The other day as I sent my hubby and kids off to an escape at the beach far away from my manic dash to the finish line on the manuscript for Grace Sticks, I was struck once again by the power of the human imagination. During that ungodly, 6 a.m. drive to the airport, we were playing one of those story games in which each person adds a sentence to an evolving story that quickly takes on a life of its own.

I started. “A little boy and girl, Cameron and Samantha, who lived at the beach, one day went for a walk on the beach and found a strange-looking key. The key was no ordinary key: it was big, rusty and very old. They wondered where it came from.”

Dad: “Just as they were examining the key, an albatross swooped down and snatched it out of their hands.”

Cameron (my six-year-old): “And then a seagull attacked the albatross and bit off part of its wing.”

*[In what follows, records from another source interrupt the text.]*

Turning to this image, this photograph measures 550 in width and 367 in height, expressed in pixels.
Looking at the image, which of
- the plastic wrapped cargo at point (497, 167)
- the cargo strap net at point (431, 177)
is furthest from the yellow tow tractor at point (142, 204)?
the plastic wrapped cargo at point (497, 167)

Me: (now wondering to myself whether parental subjection of Cameron at such a young age to the violence of the movies “The Hobbit” and “The Lord of the Rings” was really such a good idea, and worrying whether he’ll some day need therapy) “So the children, being kind children like Cameron and Samantha, and knowing that the albatross was an endangered species, felt sorry for the bird and took it home to care for its injured wing.”

Dad: “That’s when they discovered the albatross could actually talk.”

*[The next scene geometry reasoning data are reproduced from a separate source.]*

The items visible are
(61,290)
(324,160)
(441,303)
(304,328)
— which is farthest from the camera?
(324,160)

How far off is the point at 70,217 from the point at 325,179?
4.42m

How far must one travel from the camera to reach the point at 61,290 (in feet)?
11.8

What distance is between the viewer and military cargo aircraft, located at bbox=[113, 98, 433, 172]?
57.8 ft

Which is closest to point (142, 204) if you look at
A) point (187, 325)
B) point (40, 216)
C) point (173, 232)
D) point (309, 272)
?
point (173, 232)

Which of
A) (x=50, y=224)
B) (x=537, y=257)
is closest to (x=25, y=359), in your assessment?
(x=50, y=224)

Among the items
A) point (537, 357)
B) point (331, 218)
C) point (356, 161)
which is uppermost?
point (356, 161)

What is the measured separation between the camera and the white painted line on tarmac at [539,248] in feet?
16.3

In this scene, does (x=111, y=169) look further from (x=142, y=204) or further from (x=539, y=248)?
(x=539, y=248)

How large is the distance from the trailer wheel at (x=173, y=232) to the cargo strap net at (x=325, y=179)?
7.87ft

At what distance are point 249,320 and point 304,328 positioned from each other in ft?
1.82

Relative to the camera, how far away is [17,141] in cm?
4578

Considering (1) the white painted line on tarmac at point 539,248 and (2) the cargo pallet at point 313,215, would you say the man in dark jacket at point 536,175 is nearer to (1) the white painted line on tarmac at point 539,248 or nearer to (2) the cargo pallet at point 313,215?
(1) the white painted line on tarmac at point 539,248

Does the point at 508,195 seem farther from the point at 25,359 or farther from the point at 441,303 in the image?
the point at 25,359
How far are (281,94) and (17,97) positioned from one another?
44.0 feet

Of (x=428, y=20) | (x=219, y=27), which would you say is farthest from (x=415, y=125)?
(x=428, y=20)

Cameron: “And the albatross began to tell them about a magic mountain where there was a treasure box.”

Me: “And the key was for the treasure box. So the albatross, who was now all better from his traumatic encounter with the seagull, said to the children, ‘I know where the magic mountain is, and I can take you there. Hop on my back.'”

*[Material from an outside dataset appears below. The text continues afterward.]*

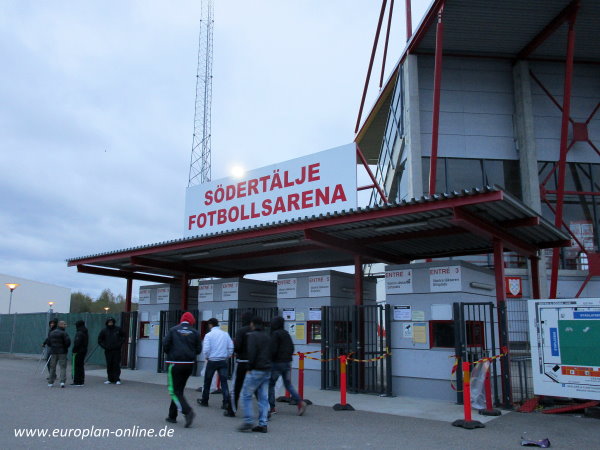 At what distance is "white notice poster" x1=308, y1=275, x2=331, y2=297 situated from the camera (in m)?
12.5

Dad: “And when they came to the mountain and began climbing, Cameron, the boy, fell into the monster’s lair through a hole in the path.”

Cameron:  “The monster was very scary: it had six eyes, two heads and sixty…freckles.”

Me: (wondering when freckles became scary and with apologies to my freckled readers) “Yes, that monster was very scary, but Cameron was a brave boy. He knew that to be brave means doing the heroic thing even when it’s scary. And Cameron remembered in that moment a Bible story about a boy named David who defeated the giant Goliath with only a sling and a stone.”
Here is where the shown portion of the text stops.